Editor: Seth--From WordNet
Definition
(n.) Excellence; virtue; dignity; worth; superiority.
(n.) A title of honor given to certain high dignitaries, esp. to viceroys, ministers, and ambassadors, to English colonial governors, etc. It was formerly sometimes given to kings and princes.
Edited by Daisy
Examples
- Lord Beauchamp asked His Excellency to remain with me, while he left us to pay his respects to some old acquaintance. Harriette Wilson. The Memoirs of Harriette Wilson.
- Their time is the day of vengeance; their signal, the word of the Lord of hosts, thundering with the voice of His excellency. Charlotte Bronte. Shirley.
- Rivalship and emulation render excellency, even in mean professions, an object of ambition, and frequently occasion the very greatest exertions. Adam Smith. An Inquiry into the Nature and Causes of the Wealth of Nations.
- I answered, that his excellency's prudence, quality, and fortune, had exempted him from those defects, which folly and beggary had produced in others. Jonathan Swift. Gulliver's Travels into Several Remote Nations of the World.
- Little Rawdon used to like to get the papers and read about his Excellency. William Makepeace Thackeray. Vanity Fair.
- A committee went ashore to wait on his Excellency the Governor-General, and learn our fate. Mark Twain. The Innocents Abroad.

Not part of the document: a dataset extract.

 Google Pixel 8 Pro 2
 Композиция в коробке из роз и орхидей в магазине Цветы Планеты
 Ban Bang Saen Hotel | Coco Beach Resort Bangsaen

- However, I strongly advised the poor fellow to explain the real state of his case to His Excellency, and to acquaint me with the result. Harriette Wilson. The Memoirs of Harriette Wilson.
- Ay, but, said Wamba, your chivalrous excellency will find there are more fools than franklins among us. Walter Scott. Ivanhoe.

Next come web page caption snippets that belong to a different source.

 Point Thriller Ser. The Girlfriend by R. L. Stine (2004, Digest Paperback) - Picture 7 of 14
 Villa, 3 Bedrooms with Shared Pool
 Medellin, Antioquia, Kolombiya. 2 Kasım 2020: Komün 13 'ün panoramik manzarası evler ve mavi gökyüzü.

- None but a compatriot, his Excellency declared, could have performed that majestic dance in such a way. William Makepeace Thackeray. Vanity Fair.
- I told his excellency that I was entirely at his disposal; and accordingly we set out next morning. Jonathan Swift. Gulliver's Travels into Several Remote Nations of the World.
- The dinner too in its turn was highly admired; and he begged to know to which of his fair cousins the excellency of its cooking was owing. Jane Austen. Pride and Prejudice.
- This letter was soon despatched to his Excellency Palmella; and Amy shortly afterwards took her leave. Harriette Wilson. The Memoirs of Harriette Wilson.
- Play tends to reproduce and affirm the crudities, as well as the excellencies, of surrounding adult life. John Dewey. Democracy and Education.
- Poverty was the cloud that veiled her excellencies, and all that was good in her seemed about to perish from want of the genial dew of affection. Mary Shelley. The Last Man.
- They, their Excellencies, met her eyes in each line, mingling an evil potion that poisoned her very blood. Mary Shelley. The Last Man.
- Love had doubled all her excellencies, and placed a diadem on her genius. Mary Shelley. The Last Man.
- And then again she became aware of her own excellencies, and began to balance with juster scales the shades of good and evil. Mary Shelley. The Last Man.